Work task: In the entries below, find the line containing "Romika brown leather slip-on shoes", then copy it and every later line exactly, ending with the last line.
* * *
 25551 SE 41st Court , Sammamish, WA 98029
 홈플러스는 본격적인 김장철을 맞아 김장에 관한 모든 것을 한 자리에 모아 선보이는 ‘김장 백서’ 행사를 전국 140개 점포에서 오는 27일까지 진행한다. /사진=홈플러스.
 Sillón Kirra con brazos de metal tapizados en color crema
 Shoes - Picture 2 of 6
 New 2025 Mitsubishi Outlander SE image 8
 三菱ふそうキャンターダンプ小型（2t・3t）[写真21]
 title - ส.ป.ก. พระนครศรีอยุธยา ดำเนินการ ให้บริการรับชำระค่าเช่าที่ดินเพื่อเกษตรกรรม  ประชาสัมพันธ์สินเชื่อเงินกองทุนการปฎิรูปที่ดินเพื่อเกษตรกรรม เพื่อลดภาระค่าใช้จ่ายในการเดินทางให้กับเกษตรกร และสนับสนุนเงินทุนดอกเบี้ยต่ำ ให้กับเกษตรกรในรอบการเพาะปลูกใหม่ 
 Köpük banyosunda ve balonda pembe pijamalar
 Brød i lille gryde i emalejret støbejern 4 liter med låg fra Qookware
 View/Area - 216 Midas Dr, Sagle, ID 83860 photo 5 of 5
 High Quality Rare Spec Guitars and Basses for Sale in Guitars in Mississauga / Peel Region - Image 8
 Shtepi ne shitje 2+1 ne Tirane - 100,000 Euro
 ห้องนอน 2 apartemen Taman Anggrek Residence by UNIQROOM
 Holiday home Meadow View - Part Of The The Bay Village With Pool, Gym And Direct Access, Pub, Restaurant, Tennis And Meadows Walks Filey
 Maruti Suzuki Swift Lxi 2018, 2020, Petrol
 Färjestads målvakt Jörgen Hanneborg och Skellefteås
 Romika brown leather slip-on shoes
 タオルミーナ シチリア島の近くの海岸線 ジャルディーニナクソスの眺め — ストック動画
* * *
Written reply:
 Romika brown leather slip-on shoes
 タオルミーナ シチリア島の近くの海岸線 ジャルディーニナクソスの眺め — ストック動画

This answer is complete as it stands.